Rappelons le cœur de l’intrigue : dans un pays du Proche-Orient où sévit la guerre civile, des parents sont forcés de choisir lequel de leurs deux jumeaux ils vont sacrifier pour l’envoyer en mission suicide chez l’ennemi. Au menu : dilemme cornélien, culpabilité dévorante et exil.

Avec Chants Libres et le Nouvel Ensemble Moderne dans la fosse, il ne fallait évidemment pas s’attendre à une partition de style « néo-tonal » destinée à charmer l’oreille.

Le compositeur retenu par la compagnie, le Libanais Zad Moultaka, un habitué de l’IRCAM et d’autres lieux de création d’avant-garde, livre une musique sans concession, souvent très dissonante et touffue.

On se croirait tantôt dans Wozzeck, de Berg, tantôt dans Oedipus Rex, de Stravinsky, tantôt chez Ligeti. Les textures orchestrales sont riches, trop peut-être. Les nombreux ostinatos rythmiques aux percussions ou aux cuivres sont à peu près la seule chose à laquelle l’oreille de l’auditeur peut se raccrocher.

Heureusement, le compositeur ménage certains moments de répit où l’orchestration se fait plus aérée, un minimum d’instruments accompagnant alors les voix sur des notes tenues. Certains effets aux chœurs, notamment le chœur enregistré du tout début, sont en outre du plus bel effet.

Mise en scène économe

En ce qui concerne les parties solistes, on a affaire à une sorte de récitatif continu relativement simple, mais souvent passablement exigeant pour certains. La soprano Nathalie Paulin (la mère), le baryton Dion Mazerolle (Soulayed), la mezzo-soprano Stéphanie Pothier (la grand-mère) et, bien sûr, l’émouvant contre-ténor Nicholas Burns dans le rôle principal d’Amed, dominent le plateau. Ce dernier, originaire de Colombie-Britannique, est toutefois moins convaincant dans les passages parlés, le français n’étant pas son point fort.

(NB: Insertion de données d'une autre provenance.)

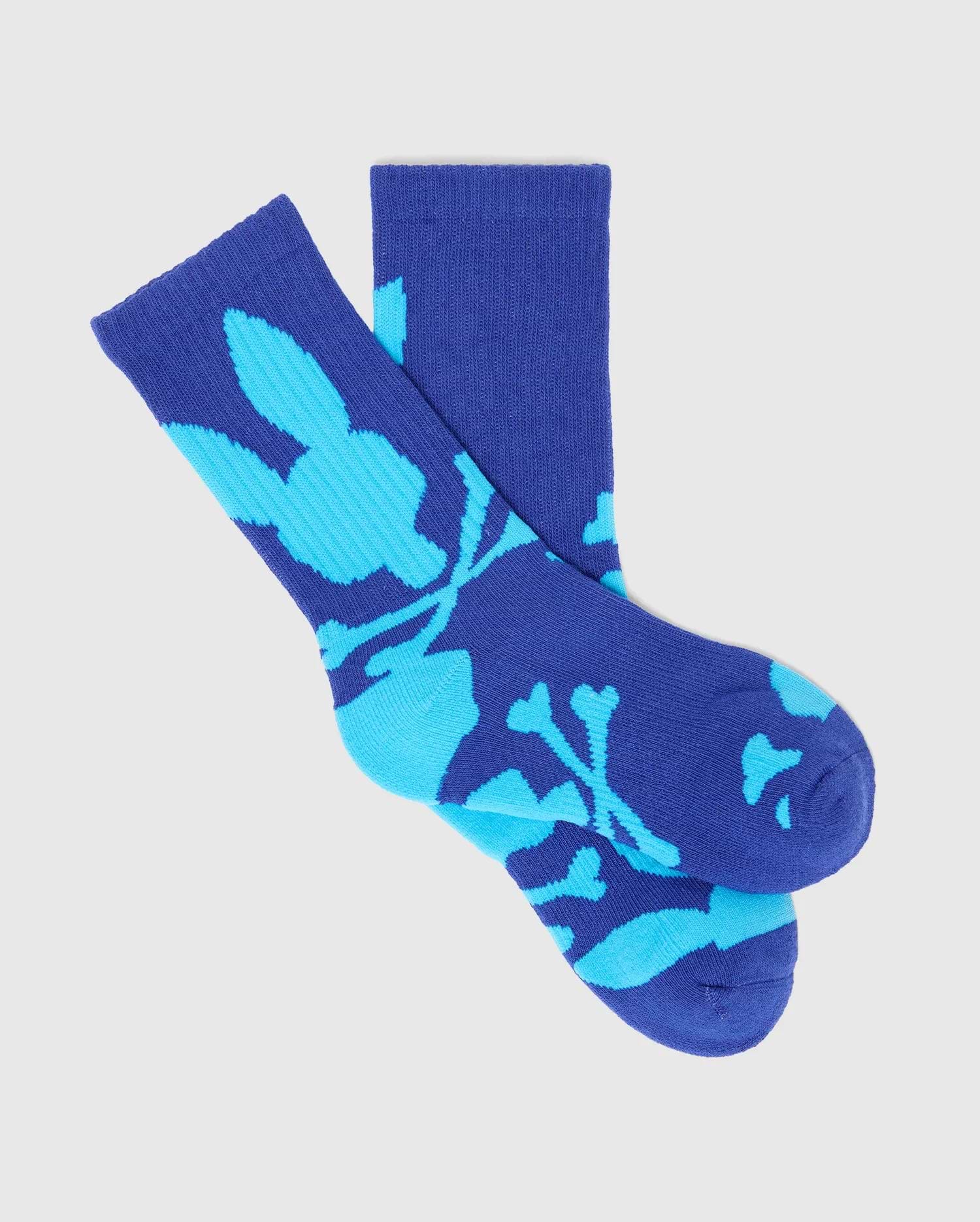Kids Sunny 3 Pack Sport Socks in royal blue with a light blue all-over Psycho Bunny skull and crossbones pattern, featuring a ribbed knit texture and crew length.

La mise en scène de Pauline Vaillancourt (sœur de Lorraine, qui a dirigé l’orchestre avec une main de fer pendant les 90 minutes du spectacle) est assez économe, se mouvant dans un espace scénique qui l’était tout autant. Du côté jardin : une sorte de carré entouré de cloisons et de caisses en bois évoquant les ruines de la maison des grands-parents, détruite par une bombe ennemie. Pour le reste : des projections évoquant le cadre naturel du récit (arbres, montagne, etc.).

La transition entre la première et la deuxième partie de l’opéra est un des plus beaux moments de la soirée. Les étoiles constellant le ciel du Levant deviennent des flocons de neige qui se mettent à tourbillonner dans l’espace, montrant qu’Amed ne vit plus au Proche-Orient, mais bien à Montréal.

Le livret, réalisé par Larry Tremblay lui-même, va à l’essentiel, en confiant la description de certaines scènes à des solistes. Il est bien sûr plus difficile de croire à la gémellité d’Amed et Aziz sur scène que dans le roman, même si ceux-ci sont vêtus de la même façon et sont à peu près de la même grandeur, mais il s’agit d’un problème récurrent au théâtre… Le professeur de théâtre devient également ici un réalisateur de cinéma, un rôle joué — et parfois chanté — avec justesse par l’acteur Jean Maheux.

L’orangeraie est présenté ce jeudi au Monument-National et les 5 et 6 novembre au Diamant à Québec.